CAMRA's GBBF organising team have tinkered with the layout of the bars, but Earls Court is a very defined and constraining space which hampers any significant layout changes. I personally found the new 'alphabetized by region' bars confusing, though I do like the theming. The big change is that BSF now has a whole bar 'island' more or less to itself (it's sharing with glasses this year). The US/RoW bar appears to be the single longest bar in the place, and this year they have 80 casks of beer and fridges full of bottles, some of which are recent arrivals to our shores.
This growth is supported by the US Brewers' Association Export Development Program under the stewardship of Bob Pease. Remarkably, the UK is currently their second biggest market after Sweden, but they are seeing room for big growth, and they are able to smooth the path for subscribing members who want to export, to take advantage of US government and logistical help. Bob says that plenty of brewers are interested, and that he is taking back requests to US brewers like Russian River. When I see what an umbrella body like the BA can deliver for their members, it does prompt a rueful smile. Interests in UK brewing are so splintered and sometimes opposed, that developing something like this seems a long way off. Having said that, a representative from UK Trade & Investment was there. Hopefully he can push at some open doors...
From Left: Doug Odell & Steve Holt; Bob Pease & Martin Hayes from Cask; Don Burgess;
Matthew Waldron, UK Trade & Investment
Matthew Waldron, UK Trade & Investment
The CBoB announcement was a bit of an anti-climax, but there was a first gold medal for Thornbridge Jaipur in the Strong Ale category. Once again, no love for Dark Star Hophead, which has never even medalled here. I can't believe there are three better Golden Ales on the day, but it happens most years. What do I know? Castle Rock's delicious (but not as delicious as Hophead) Harvest Pale won CBoB for the second time.
I leave you with this.
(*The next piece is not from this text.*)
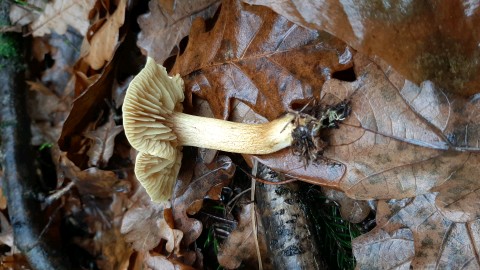Tricholoma sulphureum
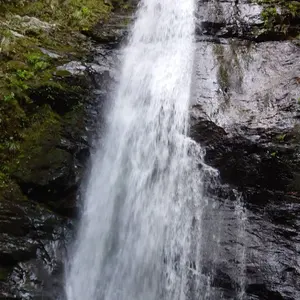 ☆ダンプ リア コボレーン 田村 モーター不動？ケツコボ☆ - メルカリ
A snap of the coming wave in British brewing. In shot you have two CBoB gold-medal winning brewers in Mark Tranter from Dark Star and Kelly Ryan of Thornbridge, while standing to my right was Evin O'Riordain of SIBA-winning Kernel Brewing in London. Justin Hawke of Moor Brewing won silver in the Bitter category for Revival, David Bailey of Hardknott (site under construction) and Dominic Driscoll from Marble Brewing are brewing interesting and desirable beers while Phil Lowry attracted my attention here with his efforts at Brew Wharf. These brewers are seeing increased demand, two of them have seen their breweries triple in size, and they are innovating and doing all the things that UK brewers aren't supposed to be capable of. Seek out their beers!